I have had, for some time now, a rather bizarre fascination with the remnants of long-deceased franchises.
There is no rational explanation for this obsession, although I imagine it began while collecting baseball cards in the early 1980s. As much as I enjoyed discovering the nuances of Jim Essian’s 1.000 batting average or Bert Campaneris’ bizarre 1970 home run total, I was just as happy with the team names and cities which only existed as a quick blip on the back of those cards.
Sure, Toby Harrah’s last name forms a wonderful palindrome, but what the heck was the deal with the WASH at the top of his statistics? Who was the SEA on Marty Pattin’s card? And just what happened to those teams, those Roanoke Colonies of major league baseball?
As a 10-year-old, it was difficult to piece together, but fascinating nonetheless; those brief elements of history intrigued me, much the same way that the still-living actors who served as munchkins in The Wizard of Oz still command a small (pardon the pun) bit of attention from fans of that film, or why so much interest was lavished upon the last surviving members of the Titanic. In some way, they enable us to touch a piece of history.
It’s the same for the last men who played for extinct teams; their continuing existence in pro sports – whether basketball, football, or whatever – enables fans to see tangible evidence of a fable.

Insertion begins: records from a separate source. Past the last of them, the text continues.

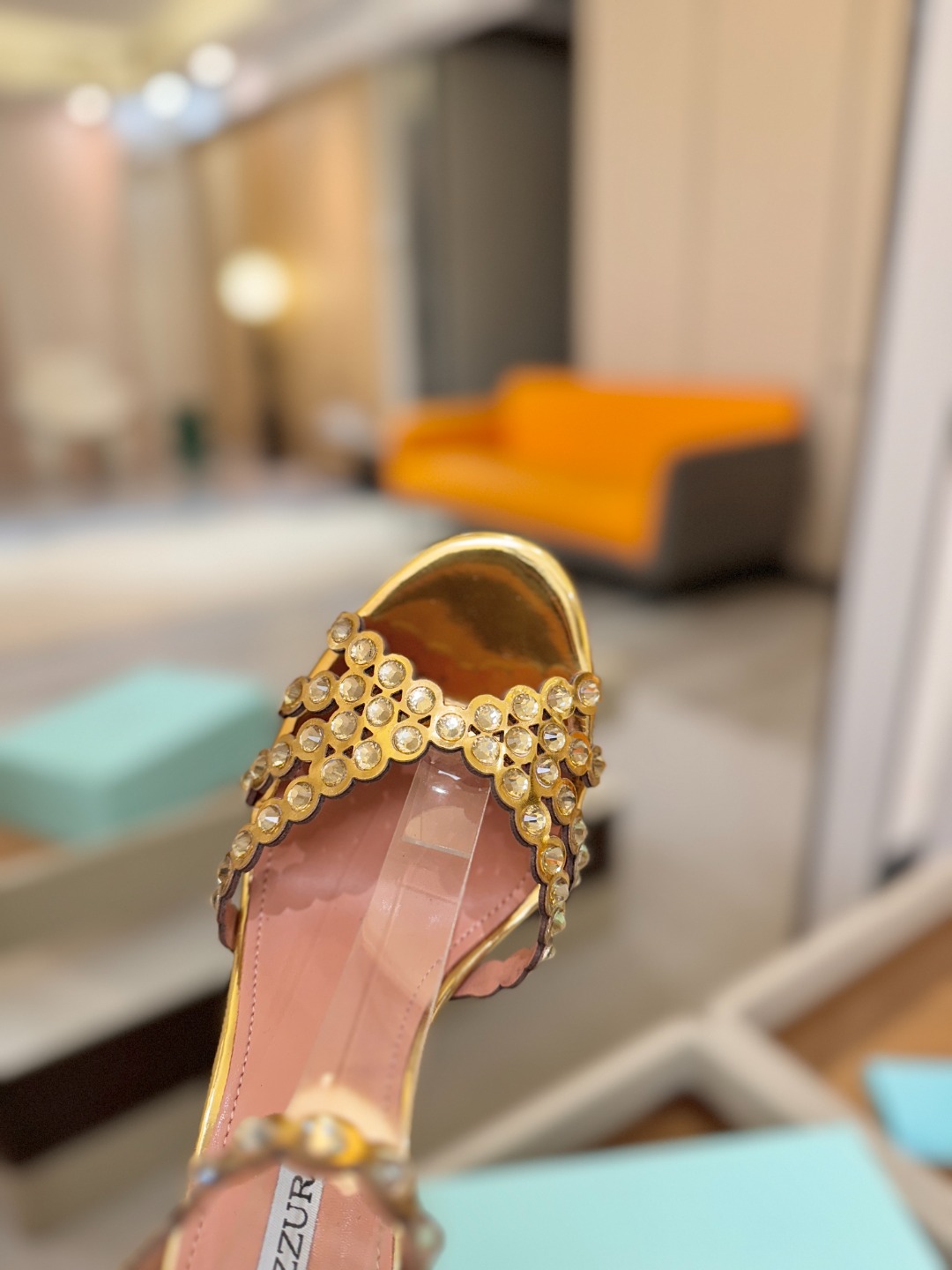 Aquazzura   菠萝   𝐒𝐒  𝐧𝐞𝐰春夏新品高跟凉鞋。满满的钻，超闪 🌸((☀️⥎☀️))🌸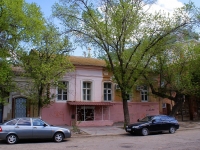 Astrakhan, Kuybyshev st, house 16. Apartment house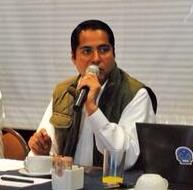 El secretario de Medio Ambiente, Víctor Alvarado Martínez.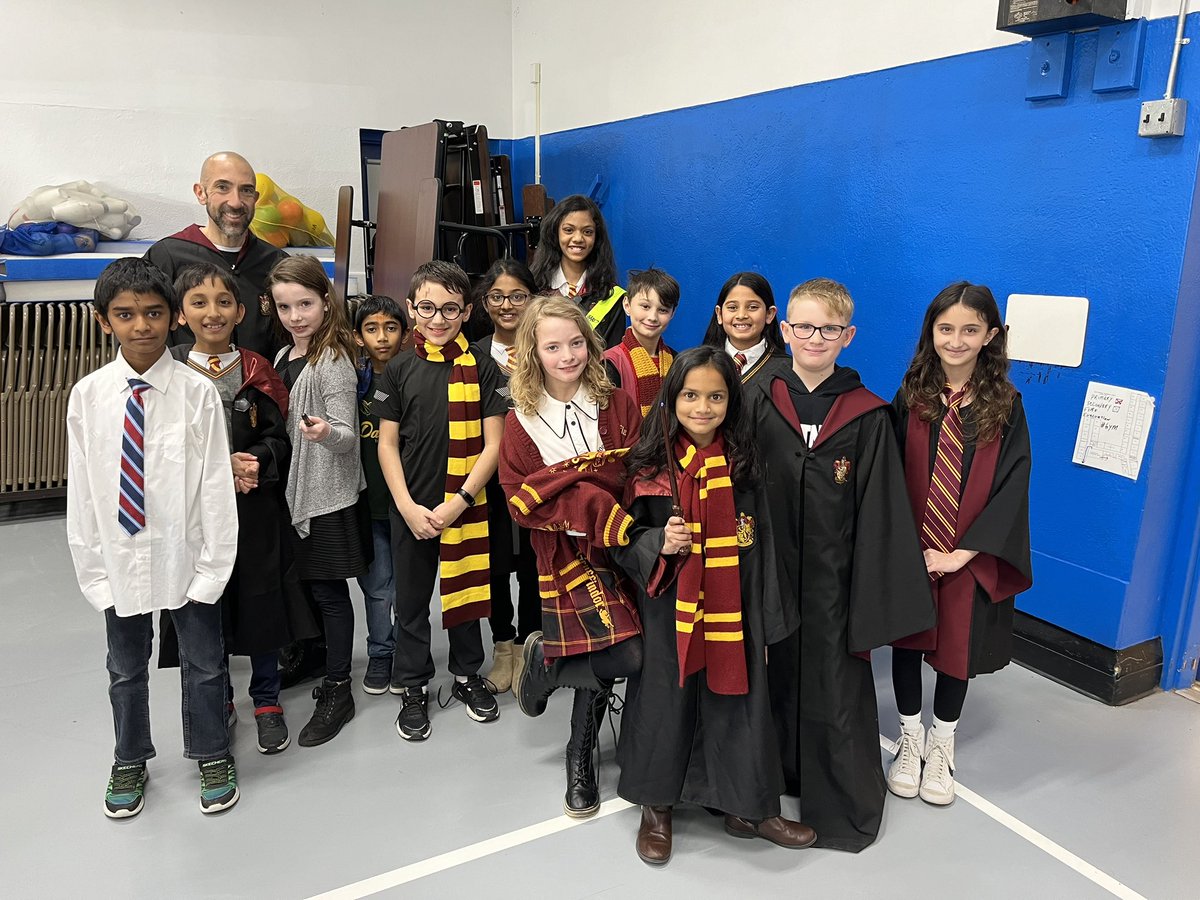 The Gryffindor House was very well-represented on “Dress As Your Favorite Book Character Day” at LHS!! #ReadAcrossAmerica #LakeHiElem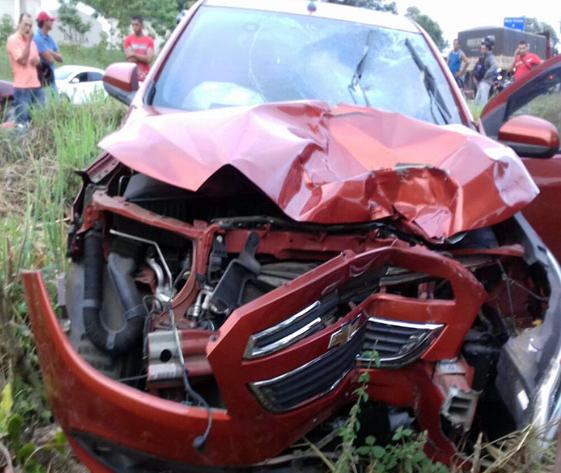 Acidente na BR 343 em Teresina deixa motociclista gravemente ferido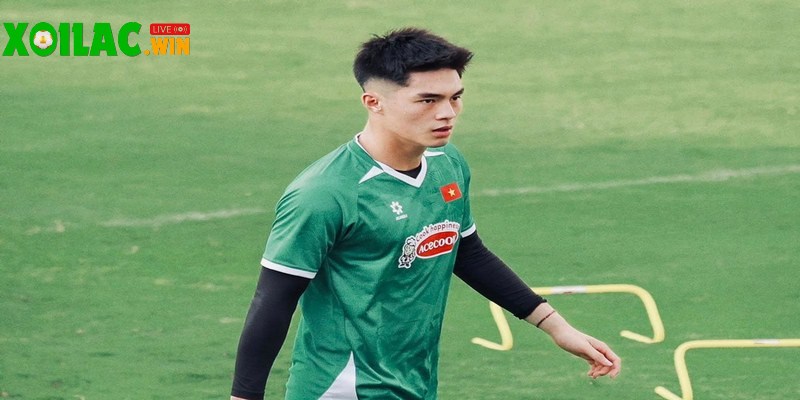 Trần Trung Kiên là niềm hy vọng của HLV Kim Sang Sik và đội tuyển 1 Trần Trung Kiên trở thành điểm nhấn nổi bật của đội Việt Nam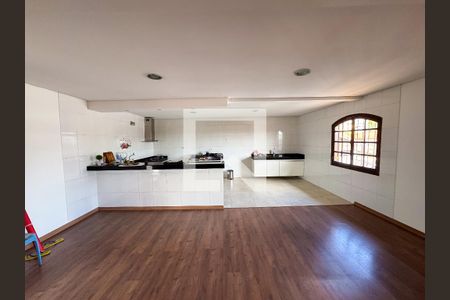 Sala de casa para alugar com 2 quartos, 123m² em Novo Progresso, Contagem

As you might have heard, the Sonics left Seattle nearly two years ago, with a roster full of cast-offs, rookies, and failed big men. From among that muck, though, are two young men – Jeff Green and Kevin Durant – who will undoubtedly be playing professional basketball for a very, very long time. The Pippen to Durant’s Jordan, Green may wind up outlasting his more famous teammate, but considering the age difference, the smart money is on Durant to hang on longer.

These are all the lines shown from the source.